Text: | Ressort: Musik, Veranstaltungen | 23. August 2015

Irgendwie ist es schon recht ulkig, wie schnell man Regen, Hagel und Wetterunbill aus der Erinnerung tilgt. Geht mir zumindest so. Mit etwas zeitlichem Abstand erinnert man sich nur noch an die musikalischen Höhepunkte, aber nicht mehr an den kleinen Weltuntergang, der uns am Samstag nachmittag heimsuchte. Ausnahmsweise war es dabei mal von Vorteil, dass die Konzerte traditionell recht spät am Tag beginnen.
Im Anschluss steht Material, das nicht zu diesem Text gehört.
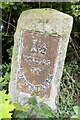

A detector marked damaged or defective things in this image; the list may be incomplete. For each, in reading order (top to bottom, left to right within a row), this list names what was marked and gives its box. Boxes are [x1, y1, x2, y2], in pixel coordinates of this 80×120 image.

rusty discoloration [16, 31, 60, 97]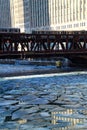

Es fing ganz harmlos an mit ein paar Tropfen, ein bisschen Sprühregen, dann kann noch etwas Wind auf der sich dann allerdings zu ein paar Sturmböhen aufschwang und letztlich kulminierte ganz Ganze indem noch ein paar Wagenladungen kleine Eiswürfelchen über dem Zeltplatz ausgeschüttet wurde.  Nachdem der Wind sich legte konnten die dann gut zum kühlen der Getränke verwendet werden. Eigentlich doch ganz praktisch. Die kleinen Schauer im weiteren Tagesverlauf hätten aber nicht unbedingt sein müssen. Zum Glück sind die Gemini-Bühne und Zelt überdacht.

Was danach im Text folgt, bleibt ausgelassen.